Aktivis lingkungan hidup, Ully Sigar Rusady, menilai pengelolaan air dalam upaya konservasi (pelestarian lingkungan hidup) sangat penting, mengingat akhir-akhir ini banyak bencana alam yang berkaitan dengan air.
"Air sangat vital dalam kehidupan manusia, namun pengelolaannya harus dilakukan secara baik," katanya setelah menyampaikan kuliah umum bertajuk "Peranan Masyarakat Siaga Tanggap Darurat dalam Pelestarian Alam" di Universitas Negeri Semarang, Rabu.
Menurut dia, air dalam jumlah banyak menyebabkan banjir yang merugikan manusia, namun air dalam jumlah sedikit juga dapat menyengsarakan karena menyebabkan kekeringan, sehingga perlu mendapat perhatian.

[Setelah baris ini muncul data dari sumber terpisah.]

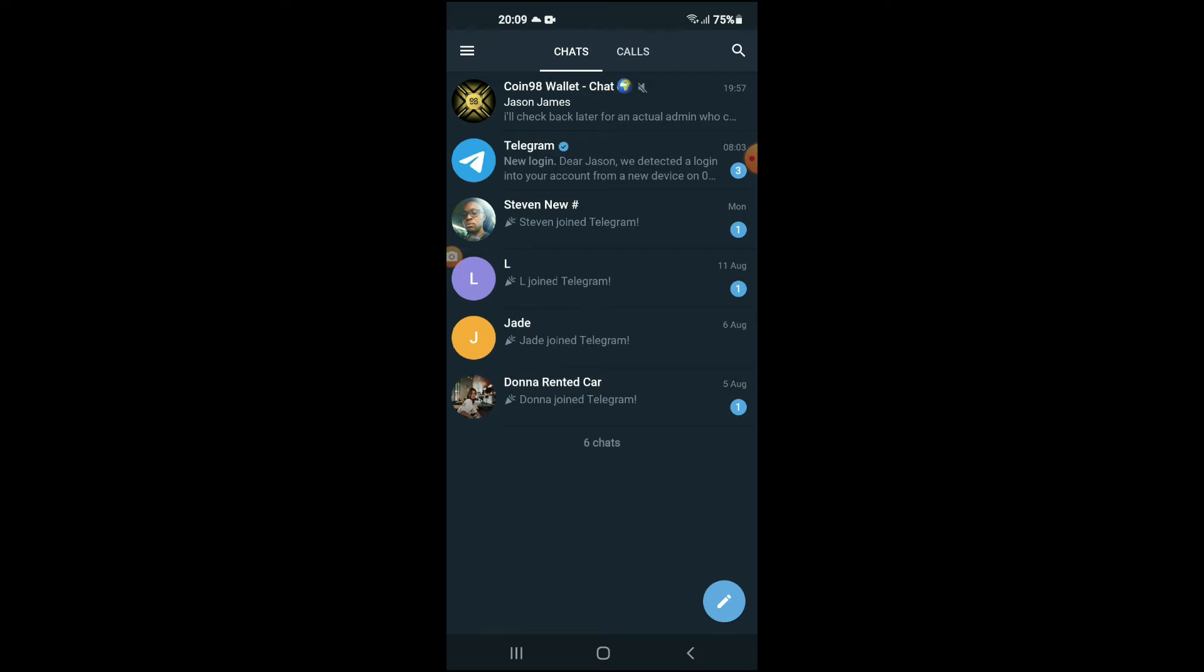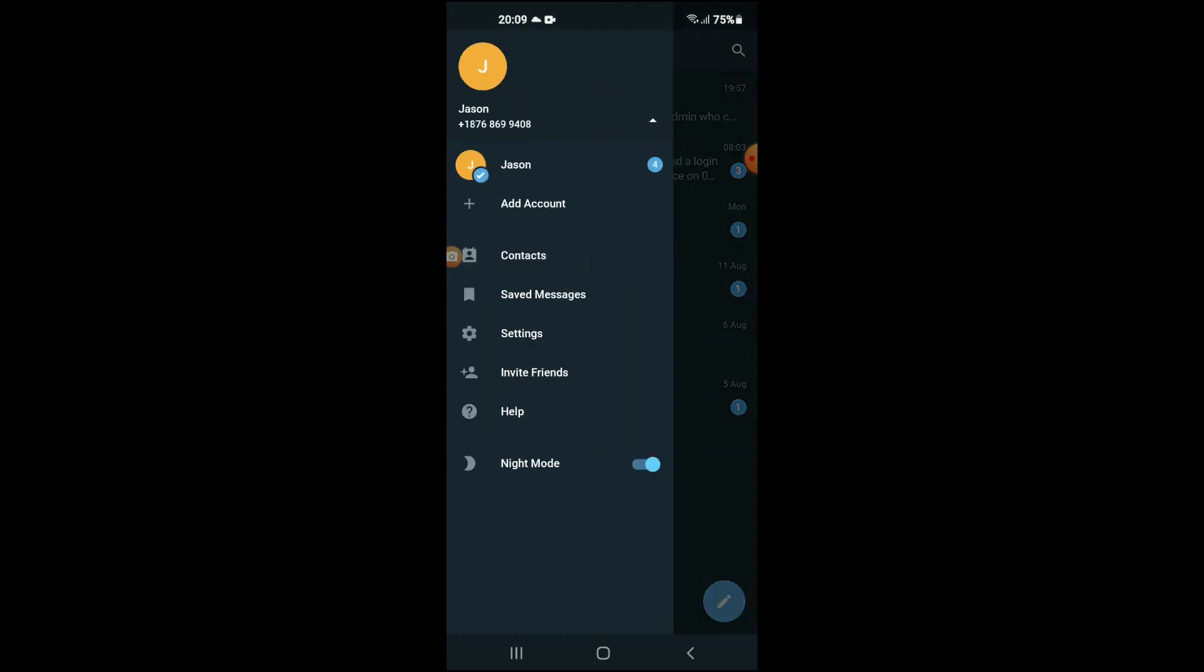Once in the app, you're going to tap on the three dashes in the top left hand corner. Next, you're going to tap on Settings.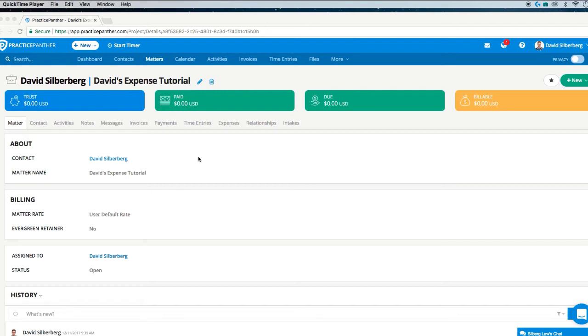Hey everyone, my name is Davis Silverberg. I'm the head of the training department here at Practice Panther, and today we're going to be covering anything and everything dealing with expenses.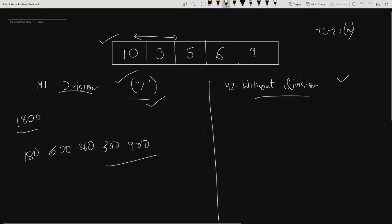But what if your interviewer doesn't allow you to use the division operator? The code is a bit lengthy but the idea is still simple. In method 2, you take two arrays of the same size as the given array — named left and right. The first element of the left array will be 1, and the last element of the right array will be 1. We store prefix products in left from position 1 to n, and suffix products in right from position n-2 down to 0.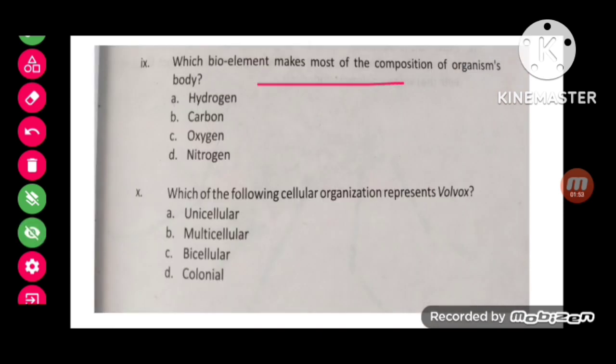A bio-element makes up the most of the composition of an organism's body. The correct option here is oxygen — oxygen makes up 65% of an organism's body composition. Which of the following cellular organizations represents Volvox? The correct option is colonial.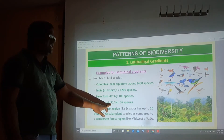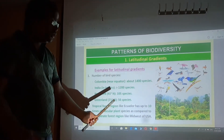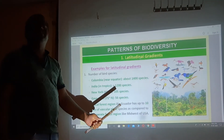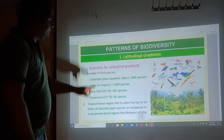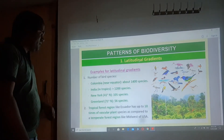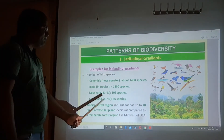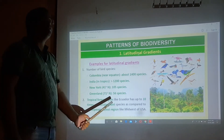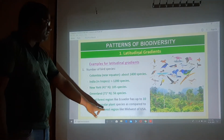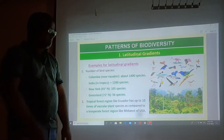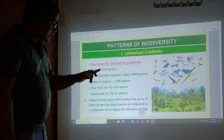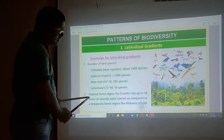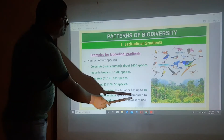Greenland is at about 71 degrees north — very far away from the equator and the Tropic. Hence, Greenland has only 56 species of birds. The tropical forest region, like Ecuador, has up to 10 times more vascular plant species compared to temperate forest regions like the Midwest of the US. So, vascular plants are found in much greater numbers in the tropical forest compared to the temperate forest.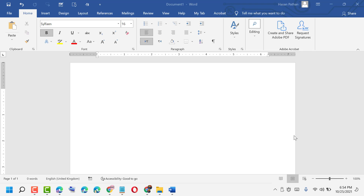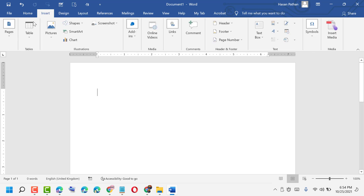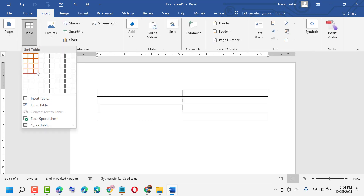Hello friends, today in this video I will show you how to freeze a table frame in MS Word. Firstly, you need to click on Insert, then Table. Now select your required table.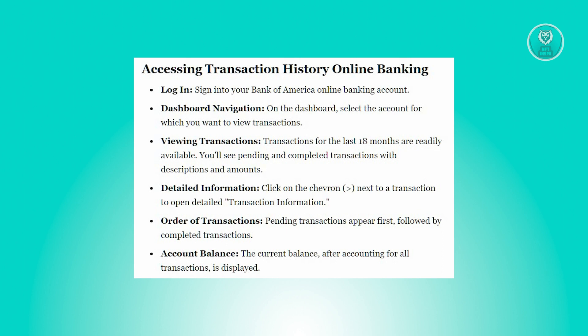Regarding transaction sequence: pending transactions take precedence, followed by completed ones. For account balances, the current balance factoring all transactions is prominently displayed on this page.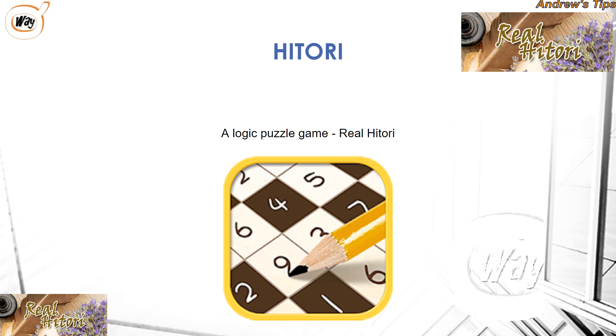Hi everybody, this is Andrew. Today I will summarize some strategy for the tutorial.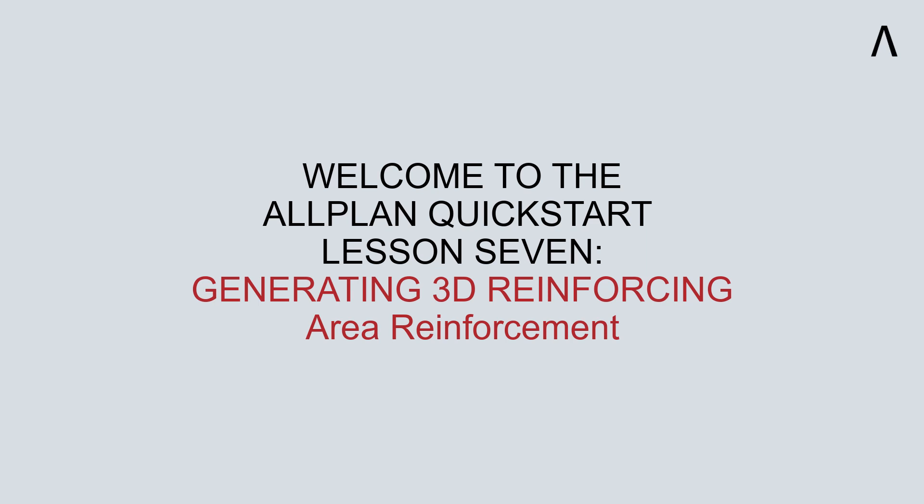Welcome to the ALLPLAN Quick Start Lesson 7. In this lesson, we will learn how to generate 3D reinforcement in concrete members and specifically focus on area reinforcement.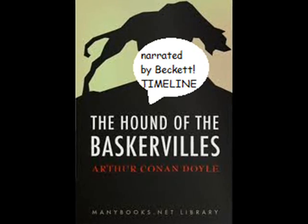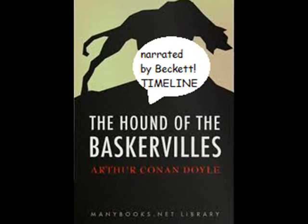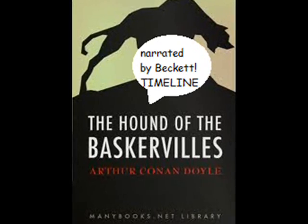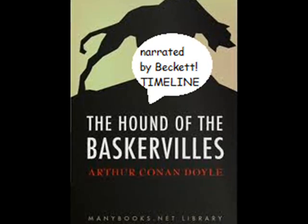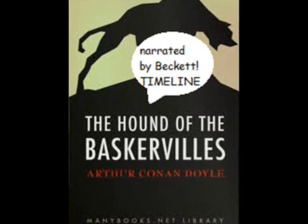This is a video timeline of Sherlock Holmes: The Hound of the Baskervilles, narrated by yours truly.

"Krisis air pada akhirnya juga akan dirasakan masyarakat Indonesia seiring dengan semakin pesatnya pertumbuhan penduduk," kata Ully yang juga musisi dan kakak bintang sinetron kawakan, Paramitha Rusady itu.
Ia mengatakan alam sebenarnya sudah sangat tua, sehingga pengelolaan terhadap alam dan lingkungan hidup harus dilakukan secara bijaksana, agar terhindar dari kerusakan lingkungan yang semakin parah.

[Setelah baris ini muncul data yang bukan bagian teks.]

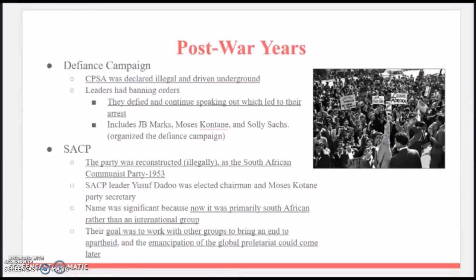Defiance Campaign: the CPSA was now declared illegal and driven underground. Leaders had banning orders, but they defied them and continued speaking out, which led to their arrest. This includes J.B. Marks, Moses Kotane, and Solly Sachs, who organized a defiance campaign.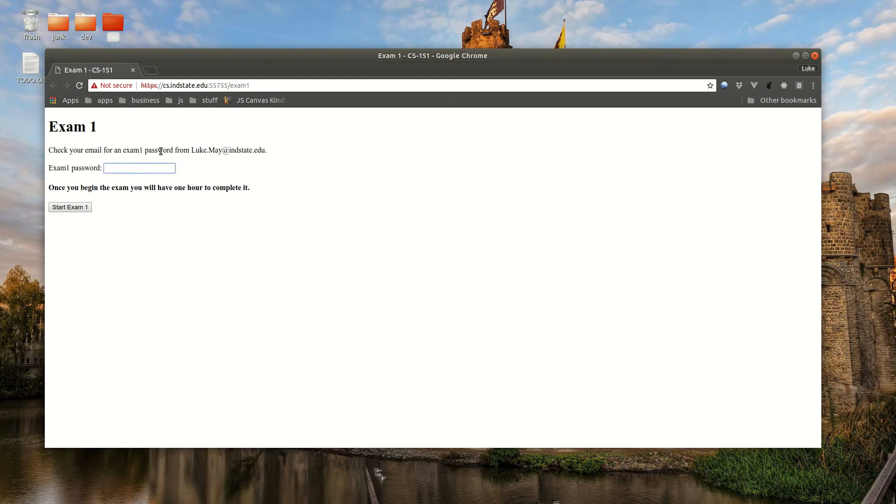Okay, here, type in your password and then start the exam.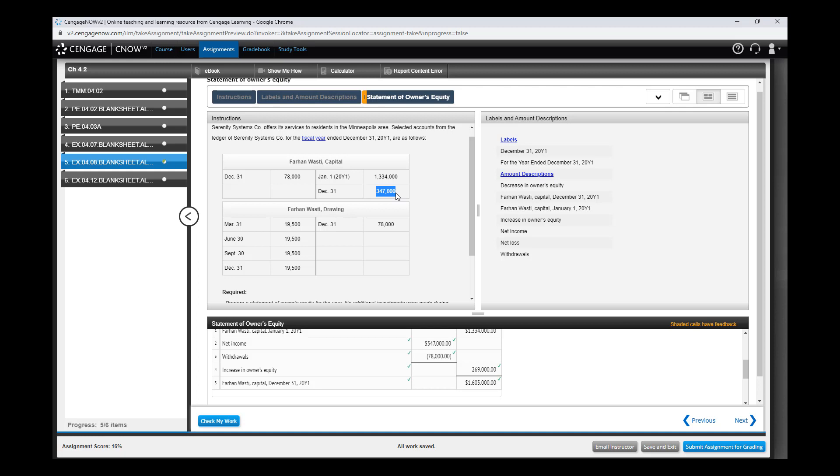Here we move everything we call the temporary accounts to the capital account, and also drawing to the capital account. So this problem is not so difficult after all, right?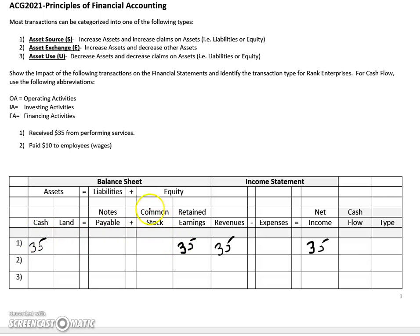So now if you focus on the accounting equation as a whole, our assets increased and our equity increased via that transfer at the end of the close process, so this gets us back in balance. In terms of cash flow, when you perform services this would be an operating activity — specifically a plus as you're receiving cash — and this would also be an asset source.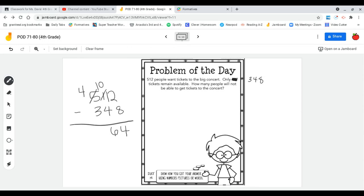Four minus three. I can do that because my roof is bigger than my floor, so it's one, and my answer is 164 sad people that can't go to the concert.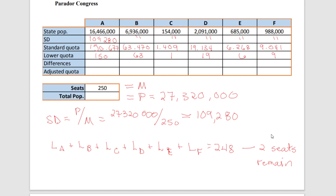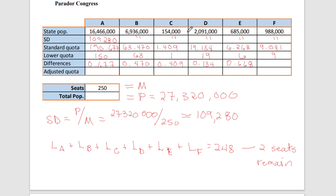Calculating the differences isn't so hard — it's simply the decimal portion of each standard quota. For state A the difference is 0.677, for B it's 0.470, for C it's 0.409, for D it's 0.134, for state E it's 0.268, and for F it's 0.041.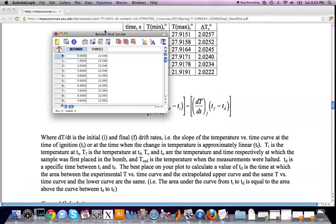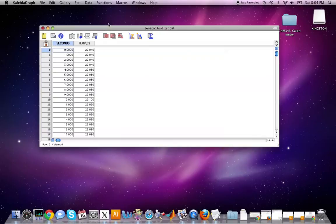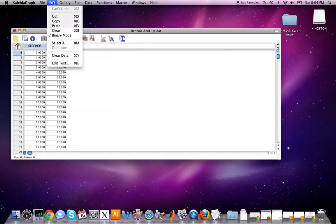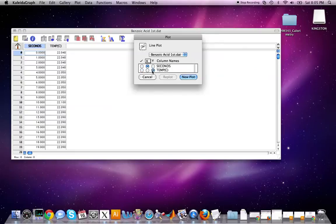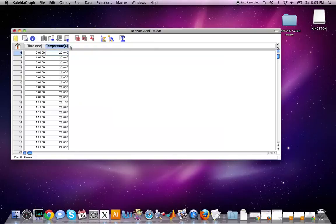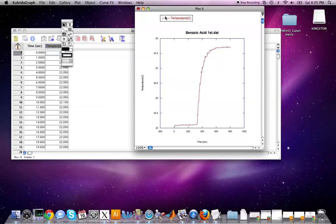You should have a data spreadsheet. Close the extra data window and widen the spreadsheet since we'll add more columns. The first thing to do is plot the data. Go to Gallery > Linear > Line to make a line plot. Rename the columns — time in seconds on the x-axis and temperature on the y-axis. Create the plot. You can format axes for your reports, such as making the x-axis start at zero.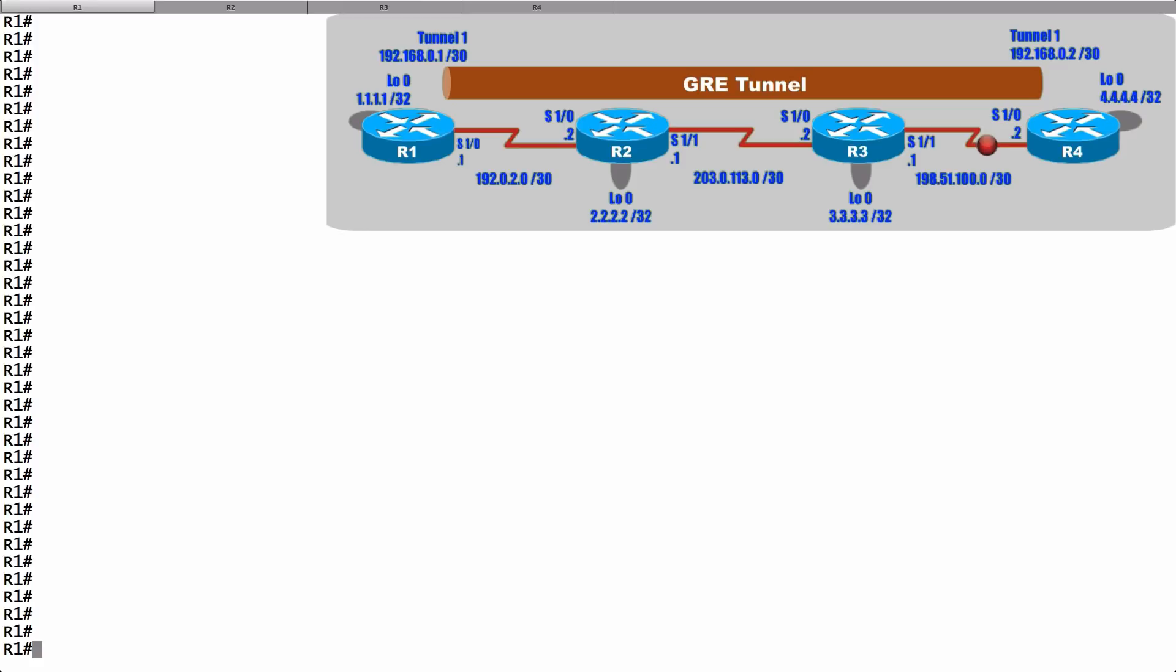Using this topology on screen, let's set up a GRE tunnel between routers R1 and R4. We see that physically, in order to get from R1 to R4, we have to pass through routers R2 and R3. However, we're going to set up a GRE tunnel so it's going to appear that it's a single hop from R1 over to R4.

"Apabila manusia ikut mengambil bagian dalam kerusakan alam, maka bencana alam secara otomatis akan terjadi dan merugikan umat manusia, mengingat usia alam yang memang sudah teramat tua ini," katanya.

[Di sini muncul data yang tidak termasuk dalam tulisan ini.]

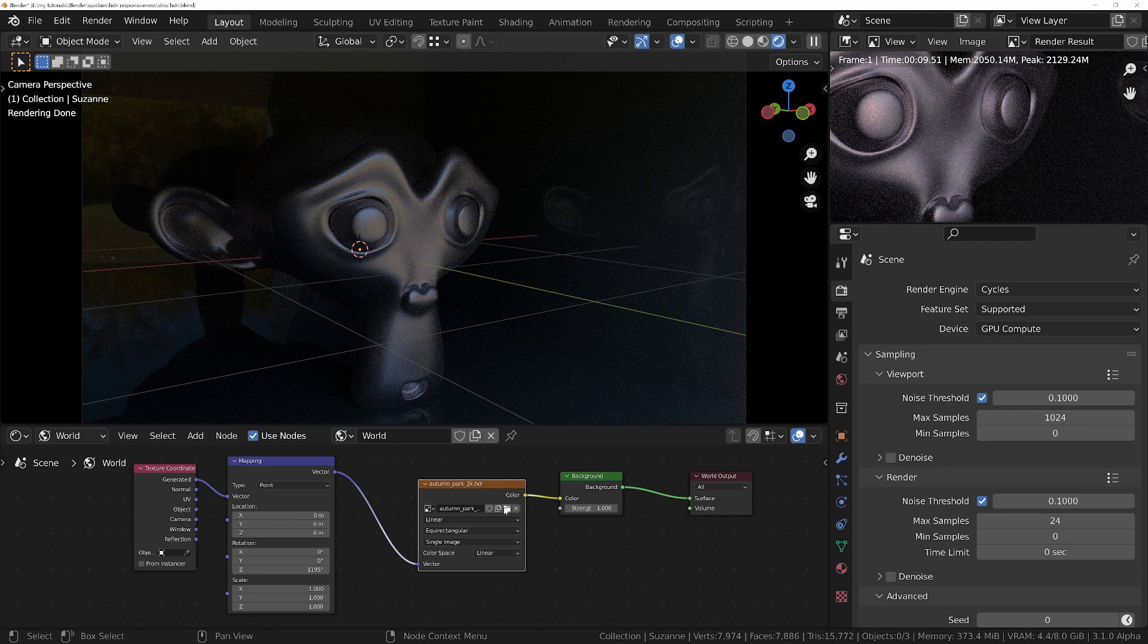In today's quick tip tutorial, we'll be looking at how you can keep Blender responsive when working with large HDRI environments, and also render up to a whopping 10 times faster.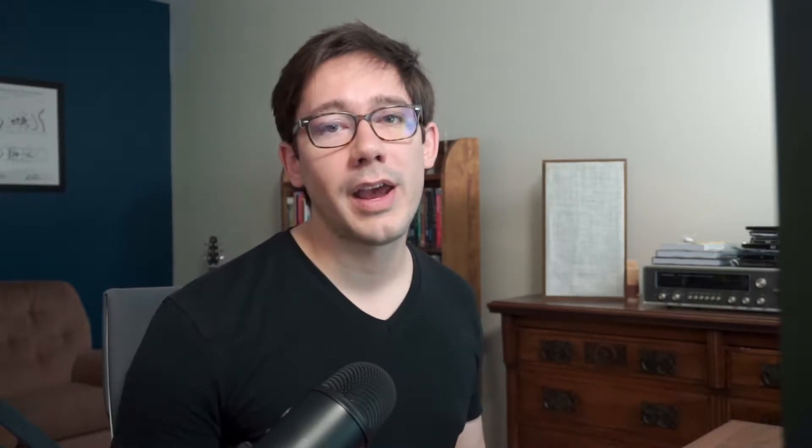In property-based testing, instead of giving our code specific inputs, we describe those inputs and the outputs. Then the testing library generates many examples and many different inputs. Often they're randomized so that we're going to get different inputs each time we run the tests. We can actually test our code with a much wider variety of examples because we're not defining specific examples. We're just describing what those examples should look like. I think this type of testing was originally done in Haskell using the QuickCheck library. JavaScript has a similar library called FastCheck, and we're going to take a look at how that could work today.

Ully menilai pemerintah perlu menyikapi pengelolaan sumber daya air dengan mengeluarkan kebijakan yang berpihak pada kelsetarian alam, apalagi pada 22 Maret mendatang diperingati sebagai Hari Air se-Dunia.
Kebijakan tersebut, kata dia, perlu juga melibatkan masyarakat dalam pengelolaan sumber daya air, agar manusia dapat belajar untuk memperlakukan alam dengan sebaik-baiknya.
"Gerakan masyarakat secara nyata terhadap upaya konservasi sangat diperlukan dan harus dijalankan dari hulu ke hilir, karena itu mari kita berkumpul untuk menyampaikan pesan moral tentang lingkungan," katanya.
Para pihak yang peduli dengan kelestarian alam, lanjutnya, tidak perlu menyerah dengan ulah pihak-pihak tidak bertanggung jawab yang merusak lingkungan, namun mereka harus tetap berjuang dengan semangat.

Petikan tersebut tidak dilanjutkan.